# Summaries of timing tests

We compare several optimizers, in both [R](http://www.R-project.org) and [Julia](http://julialang.org), fitting a selection of linear mixed models.  In __R__ the optimizers are called by `lmer` from the [lme4 package](https://github.com/lme4/lme4) (version 1.1-8). In __Julia__ the `lmm` function from the [MixedModels package](https://github.com/dmbates/MixedModels.jl) calls the optimizers.

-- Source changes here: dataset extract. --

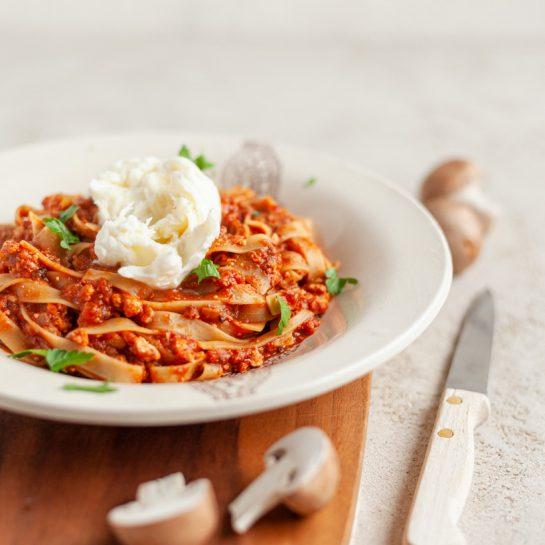 Veganska bolonjska omaka s tofujem in šampinjoni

There are differences in the model formulations in `lme4` and in `MixedModels`.  The numerical representation of the model in `lme4` and the method of evaluating the objective, described in [this paper](http://arxiv.org/abs/1406.5823), is the same for all models.  In `MixedModels` there are specialized representations for some model forms, such as models with a single grouping factor for the random effects.  Some of the specialized representations allow for evaluation of the gradient of the objects, which can enhance convergence (but, interestingly, sometimes can impede convergence).

## Methodology

To provide consistency we have copied all the data sets used in the timings to the `Timings` package itself.  We have done all timings on the same computer.  This computer has a relatively recent Intel processor and we used the [Intel Math Kernel Library (MKL)](https://software.intel.com/en-us/intel-mkl) with Julia.  We attempted to use [Revolution R Open (RRO)](www.revolutionanalytics.com/revolution-r-open) as the R implementation as it can be configured with MKL.  However, we ran into version problems with this so we used the standard Ubuntu version of R linked against OpenBLAS, which is also multi-threaded.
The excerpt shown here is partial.